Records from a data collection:
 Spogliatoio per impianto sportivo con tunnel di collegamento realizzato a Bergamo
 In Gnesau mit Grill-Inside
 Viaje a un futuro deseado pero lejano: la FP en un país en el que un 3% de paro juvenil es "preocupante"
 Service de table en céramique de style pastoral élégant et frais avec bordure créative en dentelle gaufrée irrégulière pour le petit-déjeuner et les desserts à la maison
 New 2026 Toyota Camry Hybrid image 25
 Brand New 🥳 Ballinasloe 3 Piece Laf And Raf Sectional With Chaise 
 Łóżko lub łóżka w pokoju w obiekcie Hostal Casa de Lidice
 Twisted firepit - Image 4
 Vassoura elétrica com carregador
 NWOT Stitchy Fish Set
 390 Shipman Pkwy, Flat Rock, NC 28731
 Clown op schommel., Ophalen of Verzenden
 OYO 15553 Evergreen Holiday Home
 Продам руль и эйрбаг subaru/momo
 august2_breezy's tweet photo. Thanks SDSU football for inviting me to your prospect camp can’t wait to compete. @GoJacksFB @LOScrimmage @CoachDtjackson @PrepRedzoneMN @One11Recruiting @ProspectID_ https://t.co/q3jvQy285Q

# Directions:
Once the records end, copy them all again exactly.

# Task output:
 Spogliatoio per impianto sportivo con tunnel di collegamento realizzato a Bergamo
 In Gnesau mit Grill-Inside
 Viaje a un futuro deseado pero lejano: la FP en un país en el que un 3% de paro juvenil es "preocupante"
 Service de table en céramique de style pastoral élégant et frais avec bordure créative en dentelle gaufrée irrégulière pour le petit-déjeuner et les desserts à la maison
 New 2026 Toyota Camry Hybrid image 25
 Brand New 🥳 Ballinasloe 3 Piece Laf And Raf Sectional With Chaise 
 Łóżko lub łóżka w pokoju w obiekcie Hostal Casa de Lidice
 Twisted firepit - Image 4
 Vassoura elétrica com carregador
 NWOT Stitchy Fish Set
 390 Shipman Pkwy, Flat Rock, NC 28731
 Clown op schommel., Ophalen of Verzenden
 OYO 15553 Evergreen Holiday Home
 Продам руль и эйрбаг subaru/momo
 august2_breezy's tweet photo. Thanks SDSU football for inviting me to your prospect camp can’t wait to compete. @GoJacksFB @LOScrimmage @CoachDtjackson @PrepRedzoneMN @One11Recruiting @ProspectID_ https://t.co/q3jvQy285Q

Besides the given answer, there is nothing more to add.